Lord of Chaos Quotes

Quotes

"The lions sing and the hills take flight.
The moon by day, and the sun by night.
Blind woman, deaf man, jackdaw fool.
Let the Lord of Chaos rule.”

—chant from a children's game
heard in Great Aravalon,
the Fourth Age

Narrator

Each of the books in this series begins on a foundation of repetition. One of the repetitive elements is that preceding the narrative is every entry is a quote from an ancient text. It should go without saying—but won’t—that these ancient texts exist only within the historical precedent of the invented fantasy world. In fact, every allusion or reference to ancient history or ancient literature is invented and exists only within that historical precedent. This is the nature and character of the fantasy novel, especially those involving series set in such invented realms. Obviously, in this case, the quote is allusion that situates the meaning of the title. Which, one certainly hopes, will be further elaborated upon within the narrative.

“Thus is our treaty written; thus is agreement made.

Thought is the arrow of time; memory never fades.

What was asked is given; the price is paid.

He had gotten the worst of that deal.”

Inscription in Old Tongue on spear shaft

The agreeing to treaties, signing of treaties, imposition of treaties and mere existence of treaties play a big role in this particular novel. Of such significance are treaties—and the way in which they eventually reveal who is the winner and loser of the deal—that they even become the subject of ancient poetry. To clarify: “Old Tongue” is the original language spoken in is termed the Age of Legends. A dead language, only a select fraction of those alive can translate it. So that tells you something right there. This is yet another example of the deeply immersive quality of the fantasy genre which has been known—on more than a few occasions—to produce entire spin-off texts treating the ancient mythology of the invented universe as a historical record to be seriously studied. In addition, the web is filled with amateur fandom sites exploring this mythology with the same seriousness and devotion.

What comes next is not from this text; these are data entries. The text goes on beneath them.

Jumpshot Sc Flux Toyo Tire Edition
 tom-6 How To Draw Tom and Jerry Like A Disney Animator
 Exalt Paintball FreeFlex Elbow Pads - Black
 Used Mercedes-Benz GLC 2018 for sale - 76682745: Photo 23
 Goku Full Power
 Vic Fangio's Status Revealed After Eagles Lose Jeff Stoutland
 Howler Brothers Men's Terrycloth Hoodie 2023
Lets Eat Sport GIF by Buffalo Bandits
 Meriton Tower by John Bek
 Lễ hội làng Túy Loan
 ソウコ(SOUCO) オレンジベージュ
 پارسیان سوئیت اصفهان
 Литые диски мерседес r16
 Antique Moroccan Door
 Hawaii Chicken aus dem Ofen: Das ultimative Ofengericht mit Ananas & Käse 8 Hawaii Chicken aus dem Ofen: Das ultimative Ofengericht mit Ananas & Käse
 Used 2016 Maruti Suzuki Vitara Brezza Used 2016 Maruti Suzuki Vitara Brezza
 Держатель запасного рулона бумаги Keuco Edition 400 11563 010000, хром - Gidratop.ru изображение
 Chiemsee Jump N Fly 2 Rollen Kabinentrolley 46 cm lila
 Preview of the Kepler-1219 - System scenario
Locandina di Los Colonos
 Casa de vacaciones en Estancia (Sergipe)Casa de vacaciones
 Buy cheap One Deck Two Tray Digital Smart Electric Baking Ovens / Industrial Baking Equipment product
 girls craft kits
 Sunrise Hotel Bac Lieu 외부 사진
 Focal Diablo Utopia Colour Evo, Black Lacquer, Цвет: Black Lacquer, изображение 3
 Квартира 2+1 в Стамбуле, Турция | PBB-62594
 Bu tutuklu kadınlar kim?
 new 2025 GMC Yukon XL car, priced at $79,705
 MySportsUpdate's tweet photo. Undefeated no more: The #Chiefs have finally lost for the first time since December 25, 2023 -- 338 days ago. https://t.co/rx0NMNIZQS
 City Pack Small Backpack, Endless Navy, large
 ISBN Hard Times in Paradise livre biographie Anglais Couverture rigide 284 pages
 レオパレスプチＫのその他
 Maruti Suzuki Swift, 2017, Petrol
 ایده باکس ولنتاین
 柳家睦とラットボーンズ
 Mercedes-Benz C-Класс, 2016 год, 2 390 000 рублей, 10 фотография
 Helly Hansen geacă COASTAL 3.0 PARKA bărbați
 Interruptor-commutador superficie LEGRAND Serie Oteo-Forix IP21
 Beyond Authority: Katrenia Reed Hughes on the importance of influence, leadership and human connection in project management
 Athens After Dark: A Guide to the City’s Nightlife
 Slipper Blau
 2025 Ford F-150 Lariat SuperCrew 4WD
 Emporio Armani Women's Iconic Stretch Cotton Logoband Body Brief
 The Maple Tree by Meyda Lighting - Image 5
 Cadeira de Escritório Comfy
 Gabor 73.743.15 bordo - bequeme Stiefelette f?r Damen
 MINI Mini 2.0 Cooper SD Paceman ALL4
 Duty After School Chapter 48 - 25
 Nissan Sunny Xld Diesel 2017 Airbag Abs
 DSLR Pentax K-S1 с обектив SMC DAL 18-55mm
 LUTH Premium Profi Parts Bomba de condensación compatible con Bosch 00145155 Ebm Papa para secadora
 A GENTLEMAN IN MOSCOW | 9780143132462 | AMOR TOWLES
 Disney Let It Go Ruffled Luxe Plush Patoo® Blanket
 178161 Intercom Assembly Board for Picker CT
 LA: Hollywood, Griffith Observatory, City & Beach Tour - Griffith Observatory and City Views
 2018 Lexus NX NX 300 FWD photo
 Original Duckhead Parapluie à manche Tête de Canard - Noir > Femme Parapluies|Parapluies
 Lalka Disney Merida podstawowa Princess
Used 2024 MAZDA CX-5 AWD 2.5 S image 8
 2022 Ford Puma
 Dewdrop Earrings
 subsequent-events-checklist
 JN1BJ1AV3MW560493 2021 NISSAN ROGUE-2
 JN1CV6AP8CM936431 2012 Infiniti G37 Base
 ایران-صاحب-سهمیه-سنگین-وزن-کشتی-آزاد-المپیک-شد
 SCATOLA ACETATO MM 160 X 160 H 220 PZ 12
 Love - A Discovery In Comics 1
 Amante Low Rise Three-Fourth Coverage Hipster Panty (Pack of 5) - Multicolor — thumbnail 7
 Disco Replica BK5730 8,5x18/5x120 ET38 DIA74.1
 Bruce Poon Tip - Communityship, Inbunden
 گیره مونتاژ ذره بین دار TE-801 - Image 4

On a day of fire and blood, a tattered banner waved above Dumai's wells, bearing the ancient symbol of Aes Sedai.

On a day of fire and blood and the one power, as prophecy had suggested, the unstained tower, broken, bent knee to the forgotten sign.

The first nine Aes Sedai swore fealty to the Dragon Reborn, and the world was changed forever.

Narrator

The repetitious framework of the series also extends to its closing lines, although in truth these are the absolute final closing lines. This is how the final chapter comes to a close and it is followed by a short Epilogue and then another quote from another ancient text. But these are the lines that stick with the plan which includes concluding on a note of ambiguity engendered by the necessity that the story does not come to an end. Until that final entry in the series is reached, the reader will come to the final lines of the final chapter caught in a state of stasis: an end that is not really an ending, but merely a bridge. Not exactly a cliffhanger in the traditional sense, but a foreshadowing, perhaps, of that which is to come next.

This is a presentation of the biggest problem facing the writer of a continuing series promising to lead to a climactic moment that resolves everything at the very end. One must give the readers something to chew on while they wait without giving away too much since, with exceptions so rare they are extremely notable, the author has likely not even started writing the next volume at the time concluding words are written. The dilemma is how to promise something enticing without really promising anything concrete.